L’attitude ambiguë de la Turquie vis-à-vis de ses partenaires occidentaux, notamment la menace d’aller jusqu’à une confrontation directe avec ses partenaires de l’OTAN à Manbij, soulève des interrogations quant à sa fiabilité en tant que membre de l’Alliance. Les purges qui ont suivi la tentative de coup d’État de juillet 2016 ont contribué à accroître l’influence des cercles eurasiens, favorables à une réorientation de la Turquie vers l’est, au sein de l’armée et du gouvernement. Le soutien affiché par le Kremlin au président Erdoğan lors de cet événement a accéléré le rapprochement des deux pays. La Russie semble depuis tirer parti de la situation en encourageant les dissensions entre la Turquie et ses partenaires otaniens. Fin 2017, Ankara a ainsi confirmé l’acquisition de quatre batteries de défense aérienne russes S-400 Triumph, dont la livraison est prévue dès juillet 2019[33]. Incompatibles avec les dispositifs de l’OTAN, ces systèmes sont également susceptibles de menacer la supériorité aérienne des alliés occidentaux de la Turquie en Europe orientale[34]. En guise de sanction, le Congrès américain menace de suspendre la livraison de 100 avions de combat F35A; Ankara annonce en retour envisager l’acquisition de chasseurs russes Sukhoi Su-57[35]. L’introduction possible de nouvelles restrictions quant à l’utilisation de la base d’Incirlik pour les opérations aériennes contre Daech aurait également poussé les États-Unis à y réduire leur présence[36].

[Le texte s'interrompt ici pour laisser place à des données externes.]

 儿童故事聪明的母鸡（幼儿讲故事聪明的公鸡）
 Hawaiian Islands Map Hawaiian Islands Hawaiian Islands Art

Le gouvernement turc reste cependant dépendant de ses alliés otaniens. Le président Erdoğan a, à plusieurs reprises, réaffirmé son intérêt pour un déploiement de missiles antiaériens Patriot américains le long de la frontière turco-syrienne. Initialement déployés en 2013 à la demande du gouvernement turc, inquiet face à la menace d’éventuels tirs de missiles du régime syrien, ils avaient été retirés en 2015 suite à un désaccord avec Washington[37]. Ankara a également confirmé sa volonté de coopérer avec le consortium franco-italien Eurosam sur le système antimissile SAMP/T[38]. En avril 2018, le président turc a déclaré soutenir les frappes menées en Syrie par Washington, Paris et Londres en réponse aux attaques chimiques attribuées au régime de Bachar al-Assad – tout en soulignant le fait que la base d’Incirlik n’avait pas été utilisée lors de l’opération. Le rapprochement avec Moscou ne remettrait ainsi pas en cause l’ancrage de la Turquie à l’OTAN. Il semble plutôt être instrumentalisé par Ankara, qui tente d’obtenir des garanties et des concessions de la part de ses alliés occidentaux. La probabilité d’une confrontation directe entre partenaires otaniens en Syrie paraît quasiment nulle, d’autant que le gouvernement turc a annoncé avoir trouvé un accord avec Washington au sujet de Manbij[39]. Inversement, la Turquie demeure un allié stratégique de par sa position géographique, notamment pour ses partenaires européens qui comptent sur le bon vouloir d’Ankara en matière de coopération dans la lutte contre la menace djihadiste et pour la gestion des flux de réfugiés[40].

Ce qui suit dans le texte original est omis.